First, the claim that the Bible didn’t exist for hundreds of years after Jesus overlooks that the Old Testament was completed and recognized as Scripture by the Jewish people hundreds of years before Jesus. The Old Testament was the Bible of Jesus. And after Jesus’ resurrection, the Old Testament continued to be the Bible of the early church. Even after the New Testament was written, it did not render the Old Testament irrelevant. Paul said that “all Scripture . . . is profitable for teaching, for reproof, for correction, and for training in righteousness” (2 Tim. 3:16-17). With that in mind, it’s not surprising that the New Testament cites the Old Testament thousands of times. So even before the New Testament was written, the early church had a set of authoritative Scripture—the Old Testament.
Second, the claim that the Bible didn’t exist for hundreds of years after Jesus overlooks the mountain of evidence that the final book of the New Testament was completed within several decades of Jesus’ resurrection. These books quickly began circulating among the churches in the Mediterranean region either individually or in groups (such as Paul’s letters). This transmission of Scripture was no small accomplishment in a day without scanners or email. Each copy had to be handmade and physically transported across land and sea.

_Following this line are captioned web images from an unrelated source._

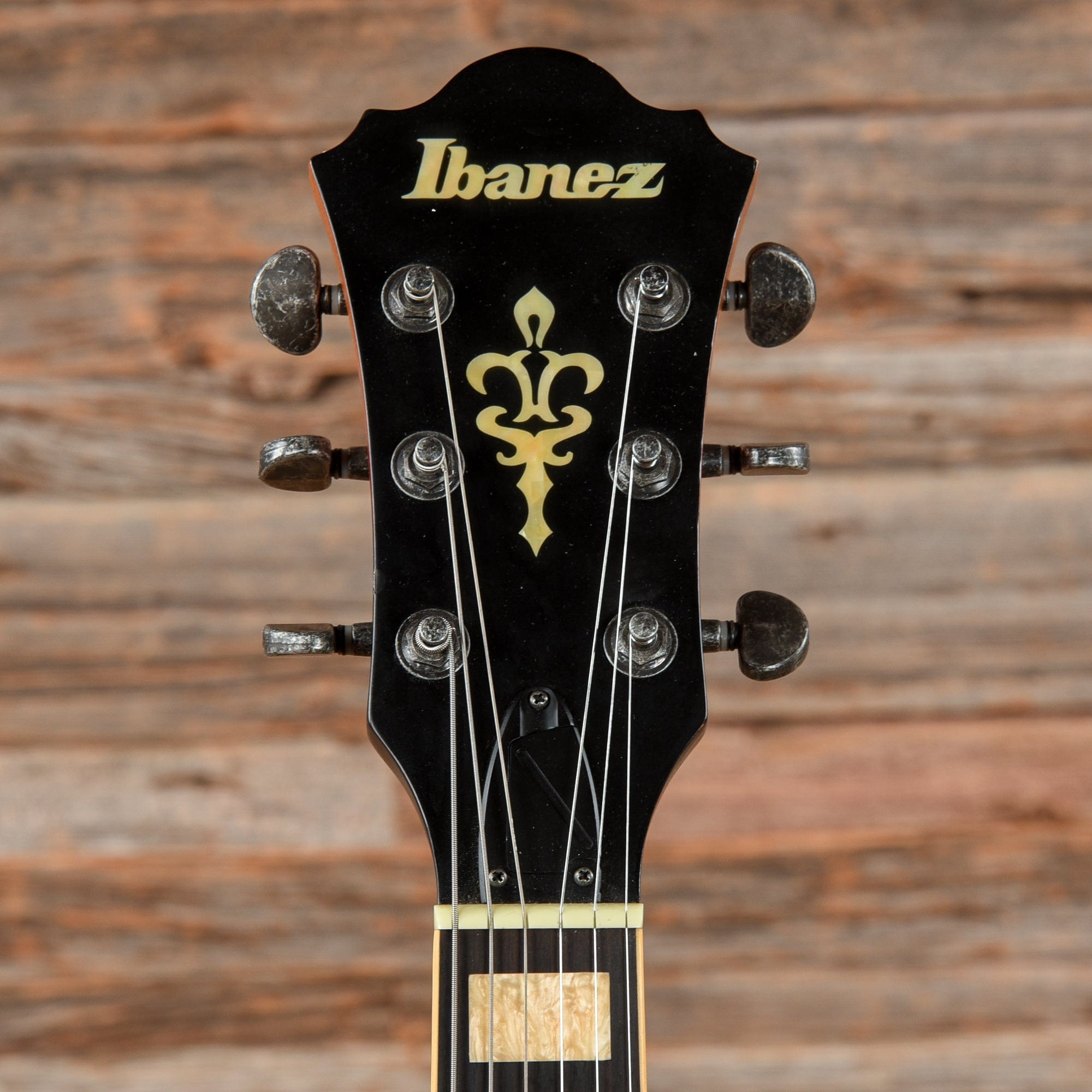 Ibanez ASV93-TDL Sunburst 2017 – Chicago Music Exchange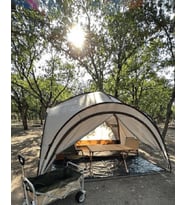 CAMPOUT FAMILY ÇADIR (Çok Renkli)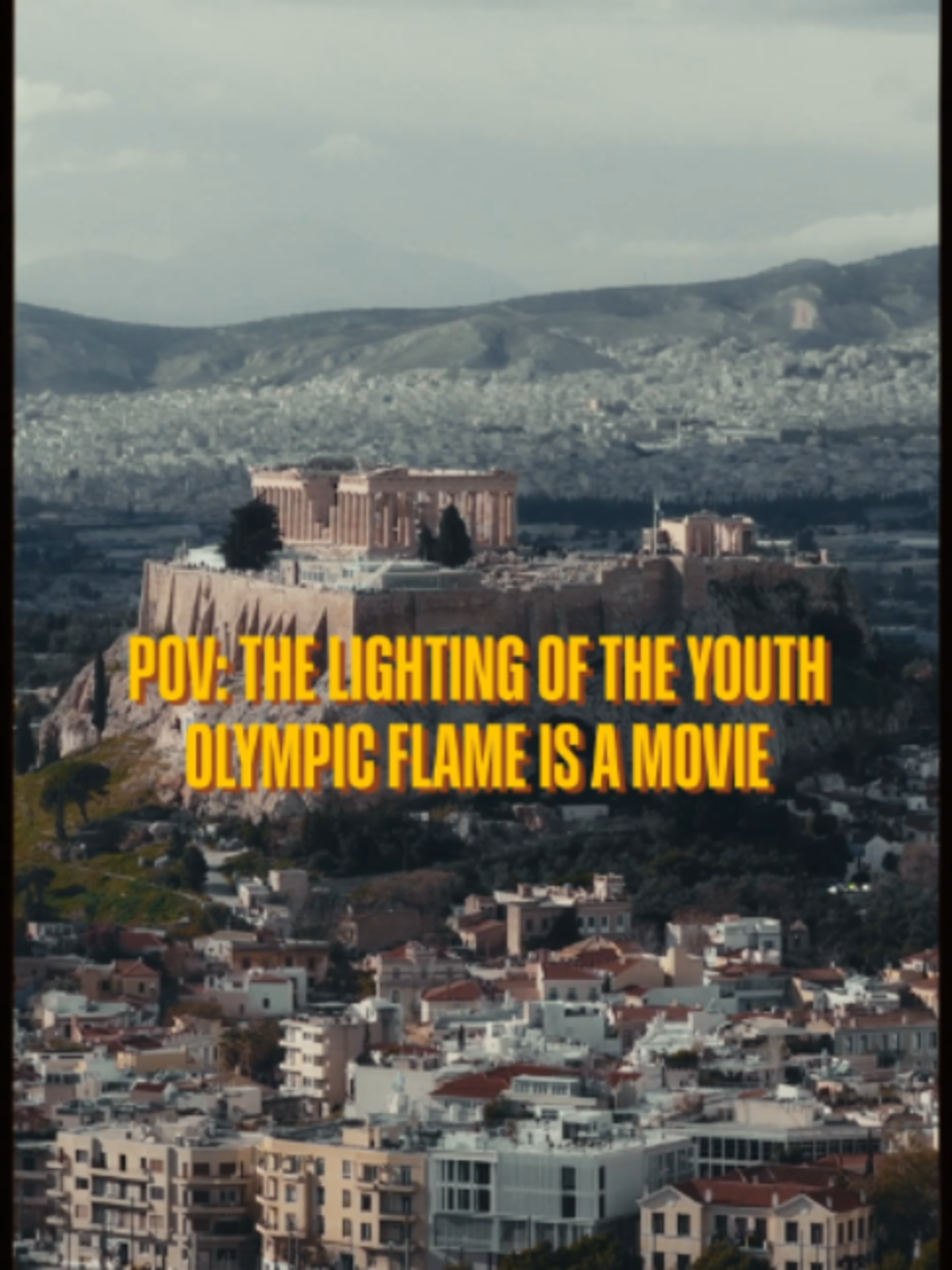 @Olympics&trade;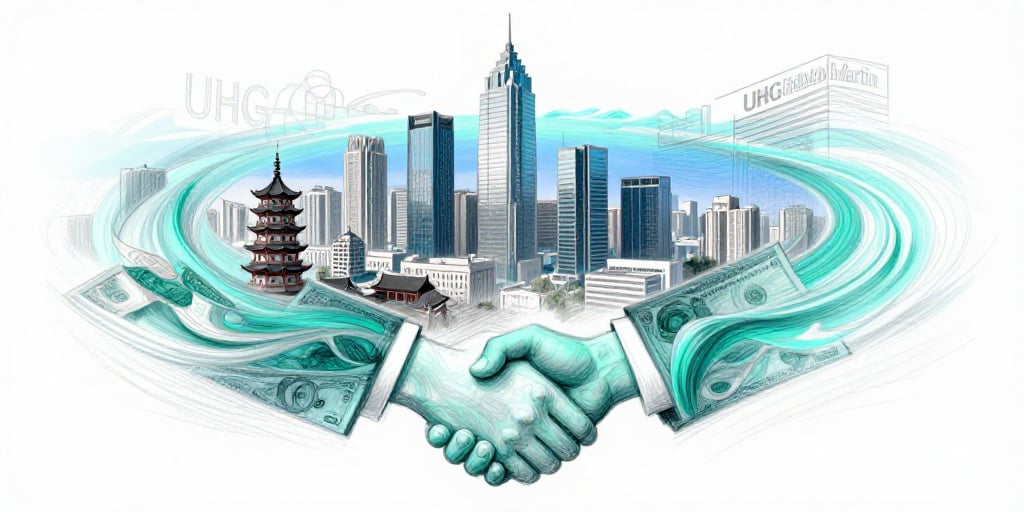 UHG Merger Sparks Insider Moves, Cash Payouts, & Growth in Stanley Martin Homes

No Christian gets to “pick” what constitutes Scripture and what is not. That’s because Scripture, while written by men, is breathed out by God (2 Tim. 3:16). So people merely recognize the Scripture that God has revealed. While it took longer for a few New Testament books to gain unanimous recognition as Scripture than others, these were the exception rather than the rule. It’s also important to understand that no book from the New-Testament era gained consensus acceptance as Scripture only to later be excluded from the Bible.
While movies like the Da Vinci Code allege that certain “gospels” were unfairly excluded from the Bible, these books are excluded for good reason. None of them has a credible claim to have been written in the first century. Thus, while they often carry the name of an apostle or other prominent follower of Jesus, they were certainly not written by those people. Nor is there evidence that any of these alternative gospels was ever accepted by the early church. And that is for good reason, because many such books were not Christian in nature, but instead attempted to co-opt Jesus into a different religion called Gnosticism.

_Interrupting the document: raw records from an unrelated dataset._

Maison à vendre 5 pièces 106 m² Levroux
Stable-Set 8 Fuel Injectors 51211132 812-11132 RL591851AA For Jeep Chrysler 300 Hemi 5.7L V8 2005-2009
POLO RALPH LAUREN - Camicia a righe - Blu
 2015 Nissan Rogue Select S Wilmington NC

If you read these books, you can often get a pretty good idea why they didn’t fool Christians in the early church. For example, the Gnostic book that probably gets the most attention today is the so-called gospel of Thomas. But those who argue that the Gospel of Thomas should have been included in the Bible often don’t bring up the last verse of that book: “Simon Peter said to him [referring to Jesus], ‘Let Mary leave us, for women are not worthy of life.’ Jesus said, ‘I myself shall lead her in order to make her male, so that she too may become a living spirit resembling you males. For every woman who will make herself male will enter the kingdom of heaven.’”
Given that the early church already had a New Testament that provided a very high view of women—including saying that they female believers inherit eternal life just as males do—it isn’t surprising that they didn’t think the gospel of Thomas had anything to offer, much less consider it to be breathed out by God.